Researchers looked at transcripts of recent speeches by five presidential candidates (Donald Trump, Hillary Clinton, Bernie Sanders, Marco Rubio and Ted Cruz), comparing them to speeches from past presidents and assigning them grade levels based upon the sophistication of the language. Factors such as “readability" and “lexical contents and grammatical structure” were considered.
The candidate who scored the lowest by this measure was Donald Trump, who apparently speaks at a fifth-grade level. Meanwhile, Bernie Sanders speaks at the highest level among current candidates, measuring around an 11th-grade level.
The results didn't fall abruptly along party lines, however.

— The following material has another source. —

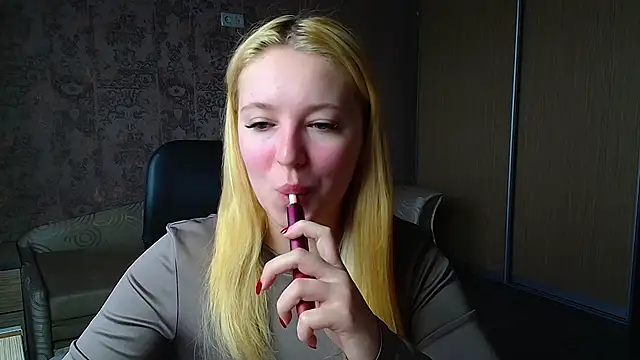 Milka kiss  online show from April 8, 5:53 am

The speaker to dumb down language the second most was Clinton, who chimed in at an eighth-grade level. That's significantly up the developmental ladder from Trump, but not exactly grandiloquence either. Clinton's speeches did vary in level significantly, showing the highest level of "standard deviation” among the candidates. In other words, she changes her vocabulary depending on who she's talking to.
Comparing Trump's speeches to all presidents measured in the study puts things in perspective. On the measure of vocabulary alone, Trump scored the worst, the lowest of all speeches measured, past and present. It's interesting to note that Ronald Reagan used the highest vocabulary among presidents measured in the study.
Trump didn't do as poorly on grammatical complexity. George W. Bush scored the lowest on that measure. By comparison, Lincoln's addresses had the most grammatical sophistication.
Overall, the language used by presidential candidates in their campaign speeches averaged out to around an eighth-grade level — hardly the great oratory of Cicero".